On what he has seen from Romero lately…
“That he’s been able to give us a chance. His last couple of starts he has been getting kind of amped up and a little upset pretty quick. It’s been a big thing for him to just calm down mentally, just go out there and make pitches because when you get upset it’s when things stay in the middle of the plate and you try to do too much.
On his performance at the plate…
“I’ve been swinging it well lately. everything has been going good… I’ve been driving in runs when I’ve needed to and that’s a big thing for me is driving in those runs and that’s the way it’s been going lately. Sometimes you hit the ball right at the guy and today I got a couple to fall in there and I’ve felt good at the plate.”
“I didn’t think he had his best stuff, but the thing that’s special about Ricky, is his competitiveness. Couple big double plays to get him out of some jams, he just never gave in all night, got us through the sixth to turn it over to the bullpen.”
A ‘here we go again’ feeling after the Damon HR?
“Yeah, if it wasn’t for Ricky.

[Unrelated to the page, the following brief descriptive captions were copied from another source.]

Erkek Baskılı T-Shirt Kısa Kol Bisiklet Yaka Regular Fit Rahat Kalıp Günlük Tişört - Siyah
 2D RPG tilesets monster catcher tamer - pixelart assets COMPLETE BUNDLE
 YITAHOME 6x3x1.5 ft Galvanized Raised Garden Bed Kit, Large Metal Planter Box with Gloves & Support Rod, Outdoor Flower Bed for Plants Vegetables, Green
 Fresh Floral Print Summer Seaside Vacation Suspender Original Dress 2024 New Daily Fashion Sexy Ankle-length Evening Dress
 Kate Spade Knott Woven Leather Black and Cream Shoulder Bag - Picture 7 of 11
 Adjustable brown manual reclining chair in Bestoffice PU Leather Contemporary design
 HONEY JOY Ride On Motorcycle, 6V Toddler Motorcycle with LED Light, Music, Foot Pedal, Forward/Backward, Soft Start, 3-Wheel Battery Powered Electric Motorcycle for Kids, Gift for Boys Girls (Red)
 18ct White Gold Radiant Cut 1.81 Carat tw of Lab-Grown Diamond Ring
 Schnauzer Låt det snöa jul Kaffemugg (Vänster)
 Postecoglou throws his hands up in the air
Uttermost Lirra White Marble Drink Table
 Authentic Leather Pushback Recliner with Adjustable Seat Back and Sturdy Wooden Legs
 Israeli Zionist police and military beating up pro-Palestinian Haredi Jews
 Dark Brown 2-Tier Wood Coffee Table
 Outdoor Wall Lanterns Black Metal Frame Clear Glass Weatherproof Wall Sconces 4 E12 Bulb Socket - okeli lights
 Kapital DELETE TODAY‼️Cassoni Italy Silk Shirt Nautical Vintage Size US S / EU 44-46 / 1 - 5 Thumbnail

We knew that the numbers, obviously he hit a second one against Ricky, the numbers, the matchups with him haven’t been good but (Romero) just never gives in and that’s what’s special, that’s what he has done all year, is rally when we really needed him.”
“Offensively we put ourselves in a position, because of what the pitcher did, to be aggressive on the bases. This is a good offensive club and I think we played a bit more as a club tonight.”
On Jesse Litsch topping 90 mph just once and whether fatigue is a factor…
“That’s hard to say. It might be the role, it might be the time of year, it’s hard to say. What I liked about it, is that he get himself into trouble and then got himself out of trouble. I know he was frustrated when he came in after that inning, we went over and said, it doesn’t matter you got out of it. Let’s build on that.”